Quake-Proof Heritage : Seismic safety: Tremors won't trouble UCLA's venerable Kerckhoff Hall once a system is installed to cushion it from ground movement.


Picture for a moment UCLA's venerable Kerckhoff Hall as a major earthquake shakes the ground below. The delicate stained-glass windows jiggle ever so slightly. Students inside, stretched out reading on antique couches, miss barely a word as the quake rumbles by.

Fantasy? Wishful thinking? No. New earthquake technology soon to be employed at the 62-year-old UCLA landmark makes such a scenario likely.

Although the technology has been used in other buildings, Kerckhoff Hall will be the oldest building in California to be seismically upgraded with the so-called base-isolation system.

The 13-million-pound, mostly brick building will sit atop 180 shock-absorbing pads made of lead, rubber and steel, and a 1 1/2-foot moat will extend around its perimeter.

The idea is to reduce the shock to the building during a quake by separating it from ground movement with the moat while also allowing its walls and foundation to respond uniformly to shock waves with the help of the pads.

Project architects estimate that the moat and the pads combined will reduce the effect of a magnitude 8.0 quake to that of a 5.0 quake.

In real terms, Kerckhoff Hall will be able to withstand a quake with nearly 10 times more destructive force than the one that rocked the San Francisco Bay Area in October, 1989, with no major structural damage and without having to close down, the architects say.

"To someone inside the building, an earthquake will feel like thumping on the floor," said Jorge Sciupac, a partner with Widom Wein Cohen, the firm designing the system in conjunction with architectural consultant Rebecca Binder. "By allowing the building to move freely, columns and beams won't bend or break. There will be very little movement. Kerckhoff Hall will probably be one of the safest buildings on campus."

Kerckhoff Hall, built in 1929, was among the first six buildings on the UCLA campus. Originally, its wood-paneled rooms served as the student union and housed the office of the university president.
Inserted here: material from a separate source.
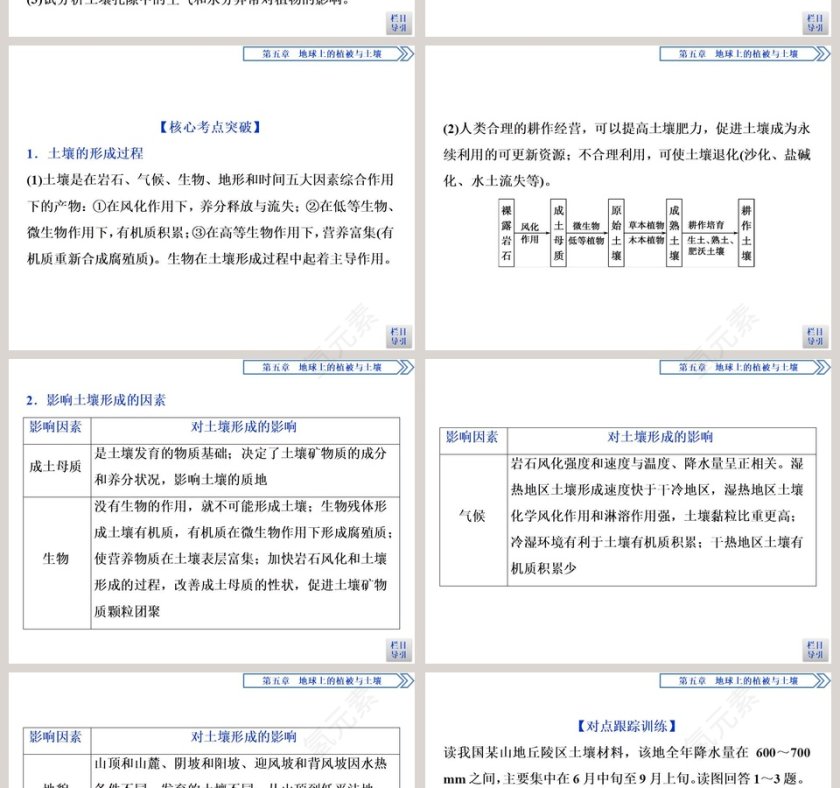 第二节土壤的形成教学ppt课件第6张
Today, it serves as a center for student government activities, housing dozens of organizations and the school's daily newspaper.

School officials, fearful that the building's aging columns would one day crumble under the strain of even a moderate quake, viewed base isolation as the surest way to protect the structure and the people inside it.

The conventional approach to seismic upgrading involves thickening walls with concrete and steel, which would have destroyed architectural details that school officials and alumni say are part of the building's historical significance.

Much of the ornate terra-cotta filigree and brickwork on its exterior would have been lost during construction to thicken the walls. Inside, ceilings decorated in serpentine patterns of blue and gold likewise would have been ruined.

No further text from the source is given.